E quando acontece, ela transforma o jeito de pensar, de observar, de decidir.
"Mas foi também nesse momento que, pela primeira vez em toda minha vida, entendi que o que eu tanto procurava, o que tanto queria, não se chamava felicidade. Seu nome era paz. Simplesmente paz." (Duda Mendonça)
Fechar esse ciclo com Casos e Coisas, do Duda Mendonça, não foi acaso.
O livro é de 2001, mas continua atual porque não fala apenas de propaganda.
Ele fala de gente.
Duda narra sua trajetória desde Salvador até se tornar um dos publicitários mais influentes do país.
Mas o que realmente importa ali não é o currículo.
É o olhar.
Ele entende cedo algo que muita gente sofisticada ignora até hoje: ninguém decide só com a cabeça.

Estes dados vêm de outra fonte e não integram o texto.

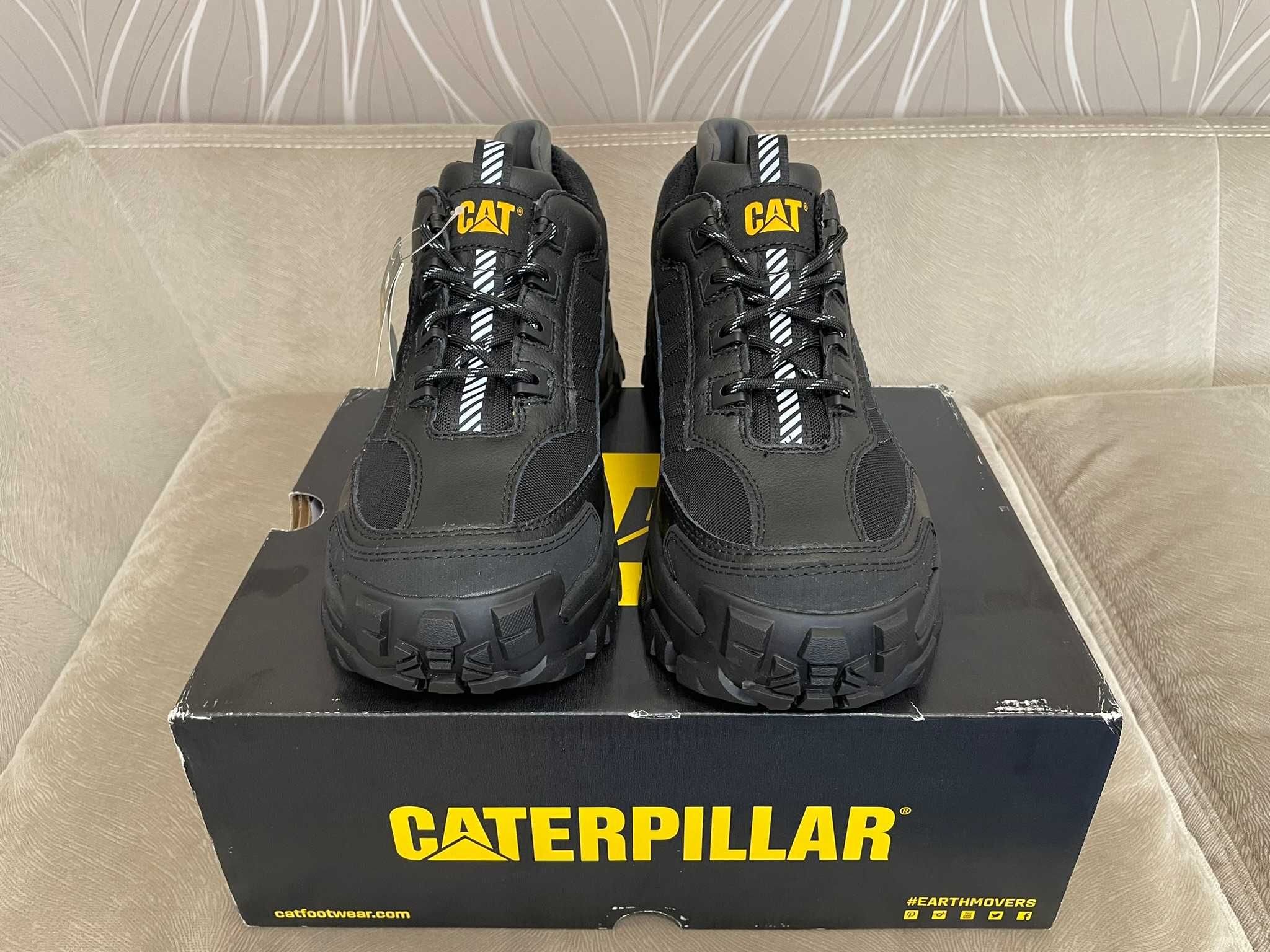 Кросівки Caterpillar Invader ST ОРИГІНАЛ розмір 44 на стопу 29 см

As pessoas decidem com o estômago, com a memória, com o medo e com o desejo.
Quando ele fala da campanha da Parmalat, dos bichinhos, não é sobre pelúcia.
É sobre afeto.
É sobre criar vínculo emocional antes de tentar convencer.
Quando entra no marketing político, o livro fica ainda mais interessante.
Porque ali não tem romantização.
Ele explica vitórias emblemáticas - Maluf, Marta, e depois o espírito que culminaria no “Lulinha Paz e Amor” - com uma franqueza e tanto!
Duda não escreve para parecer ético.
Ele escreve para ser honesto sobre como o jogo funciona.
A tal “humanização” do candidato não é maquiagem.
É entender qual defeito pode ser tolerável e qual virtude precisa ser amplificada.
É leitura de cenário.
É sensibilidade social.
Você pode concordar ou discordar das escolhas.
Mas não dá pra negar a inteligência estratégica.
O livro deixa claro algo que muita gente finge não saber: as pessoas não votam apenas em propostas.
Votam em sensações.
E talvez seja por isso que esse livro fez tanto sentido agora, fechando esse ciclo de leitura.
Porque depois de um ano inteiro refletindo, lendo, observando, fica evidente que percepção molda realidade.
Não só na política.
Na vida.
A forma como você comunica quem você é.
A forma como você organiza seu tempo.
A forma como você escolhe o que entra - e o que sai - da sua rotina.
Ler um livro por mês não me fez mais inteligente.
Mas me fez mais presente. Comigo mesmo.
Mais consciente do que consumo.
Mais atento ao que realmente importa.
Mais cuidadoso com o que parece urgente, mas não é.
Casos e Coisas fecha esse ciclo lembrando algo simples e poderoso: quem entende gente, entende quase tudo.
E quem não cuida do próprio tempo….acaba sempre vivendo o tempo dos outros.
Fecho o livro, fecho o ciclo.
E sigo.
Ano II nos espera com mais leituras....até lá!